What is Principal Component Analysis?
Principal Component Analysis (PCA) takes a large data set with many variables per observation and reduces them to a smaller set of summary indices. These indices retain most of the information in the original set of variables. Analysts refer to these new values as principal components.
The principal components themselves are a set of new, uncorrelated variables that are linear combinations of the original variables.
Principal component analysis simplifies large data tables. With a vast sea of data, identifying the most important variables and finding patterns can be difficult. PCA’s simplification can help you visualize, analyze, and recognize patterns in your data more easily.
This method is particularly beneficial when you have many variables relative to the number of observations or when the variables are highly correlated. Principal component analysis helps resolve both problems by reducing the dataset to a smaller number of independent (i.e., uncorrelated) variables.
Typically, PCA is just one step in an analytical process. For example, you can use it before performing regression analysis, using a clustering algorithm, or creating a visualization.
While PCA provides many benefits, it’s crucial to realize that dimension reduction involves a tradeoff between potentially more robust models/improved classification accuracy versus reduced interpretability.
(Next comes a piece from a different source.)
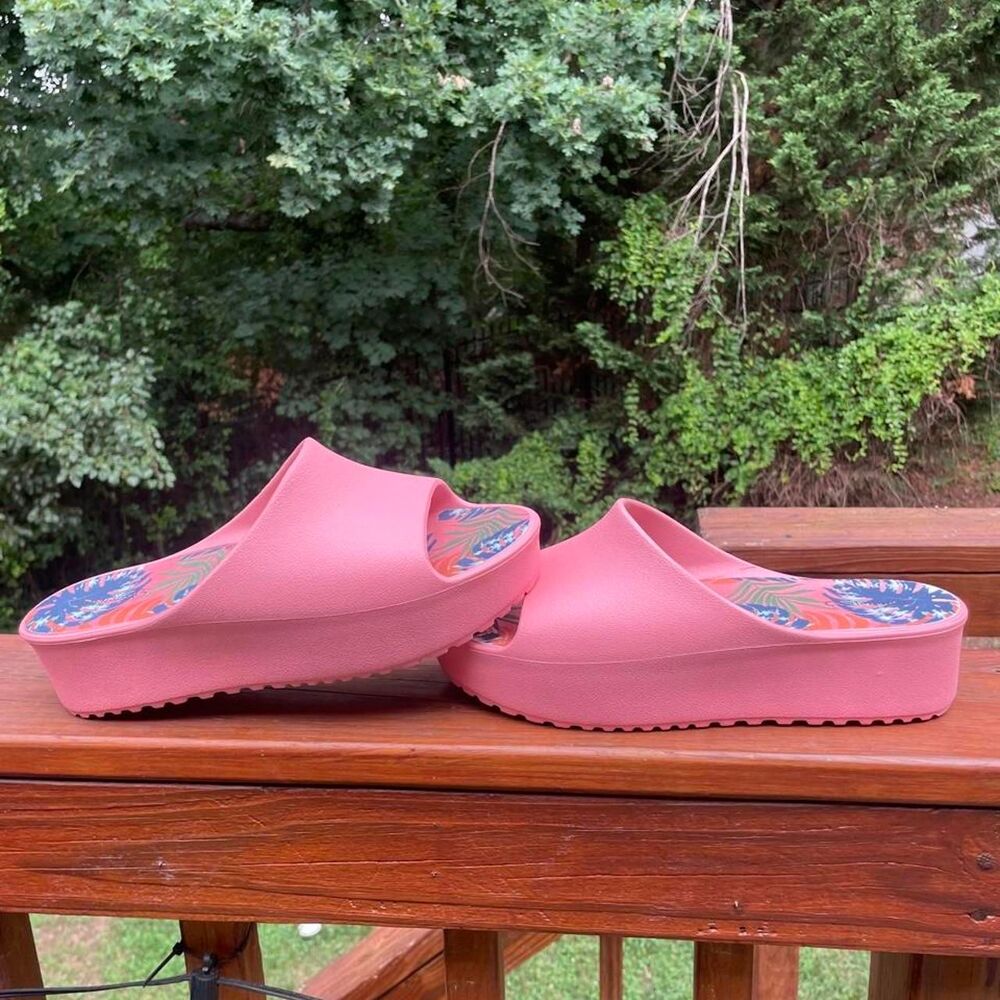 Bare traps Women's 11 Pinkish coral platform Sandals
Each principal component represents a mixture of the original variables. The process creates a linear combination of variables that squeezes the most explanatory power into each component rather than creating conceptual groupings of variables that make sense to us humans!
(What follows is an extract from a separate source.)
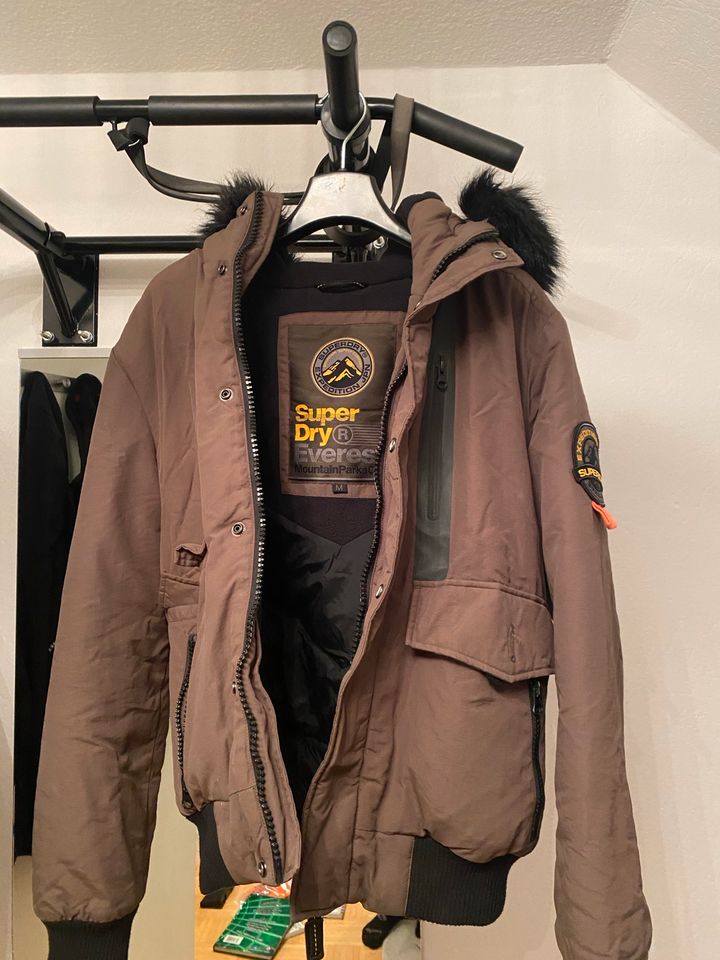 Superdry Everest Jacke in Ahlen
Read this guide to understand the goals and uses for principal components analysis, understand the components themselves, and work through an example dataset.
Principal Components Properties
In PCA, a component refers to a new, transformed variable that is a linear combination of the original variables. Think of them as indices that summarize the actual variables for each observation.
Each principal component (PC) captures as much information as possible in a single index. The process produces an uncorrelated set of principal components that avoids including redundant information. In other words, each index provides unique information even when the original variables are highly correlated.
The analysis produces a series of components: the first component explains the most variance, the second component explains the second most variance, and so on.
By using only the first several components that explain the greatest amount of variation, you can include most of the original information while reducing the dataset’s complexity.
The procedure can produce the same number of principal components as variables in the complete dataset. However, analysts typically use a much smaller subset of components than variables. Analysts often determine the number of PCs using statistical measures, such as the explained variance the downstream task requires.
Principal components have beneficial properties for statistical and machine learning models. Namely, components maximize the amount of unique information they contain, they are uncorrelated, and there are fewer of them. In other words, principal component analysis produces a small number of high-quality indices for your model.
Each principal component has an eigenvector and an eigenvalue. I’ll cover those later in this post.
Brief Example of Principal Component Analysis
Analysts looking for patterns and trends in stock prices have an extensive dataset containing numerous stocks along with dozens of variables, including closing price, trading volume, earnings per share, market liquidity and volatility, GDP, inflation, company earnings and revenue, dividend yield, international conditions, supply and demand factors, competition, and so on.
That’s an ocean of data with a ton of variables. It’ll be easy to miss the forest for the trees!
Principal components can take the multitude of variables and reduce them to the most important indices. This method finds a smaller set of values that explain most of the variation in stock prices. Importantly, PCA ranks the components by importance, helping you know which ones to focus on.
From the full set of variables, you might end up with four principal components that explain 90% of the original data. That’s much easier to understand!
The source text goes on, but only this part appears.